Five years down the road, experts say, a hybrid between a game and a movie could allow viewers/players to design and direct their own films and even put themselves into the action. You might first “cast” the film by scanning photos of real people – you and your friends, for instance – and running software that would create photoreal 3-D models of those people. Then, in real time, you could direct the film’s action via a handheld controller or keyboard – anything from zooming the camera around the characters to making the lead actor run in a certain direction. Interactive entertainment, Borshukov says, “is where the real future is.”
Facing the future
Back at Imageworks, a storm of activity swirls around Mark Sagar. Artists are in crunch mode for another digital-actor project, this fall’s The Polar Express, based on the popular children’s book. But Sagar, who is not directly involved with that effort, is entranced by what’s farther down the road – a more elegant approach to digital faces based on underlying scientific principles. “I see today’s work as an interim stage where we still have to capture a lot of data,” he says. “Eventually everything will use mathematical models of how things move and how they reflect light.”
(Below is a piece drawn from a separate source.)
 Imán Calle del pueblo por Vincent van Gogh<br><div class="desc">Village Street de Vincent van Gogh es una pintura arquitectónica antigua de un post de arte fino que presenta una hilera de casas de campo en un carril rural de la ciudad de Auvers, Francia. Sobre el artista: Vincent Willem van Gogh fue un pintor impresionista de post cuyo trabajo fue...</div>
Sagar also sees much broader applications of digital humans in medical graphics, cooperative training simulations for rescue workers, and human-computer interfaces that could help users communicate more effectively with both machines and other people. Outside the entertainment industry, large organizations like Microsoft and Honda are pursuing research on advanced graphics and human modeling, including software that could allow you to create realistic virtual characters and digital avatars based on just a photo. Related algorithms could also help computers recognize faces and interpret expressions, either for security purposes or to predict a user’s needs.
“We’re at an interesting age when we’re starting to be able to simulate humans down to the last detail,” says Sagar. There’s a certain irony in his statement. For once digital humans are done right, they’ll be indistinguishable from the real thing; audiences won’t even realize that artists and scientists like Sagar have changed the face of entertainment – and society.
Gregory T. Huang is a TR associate editor.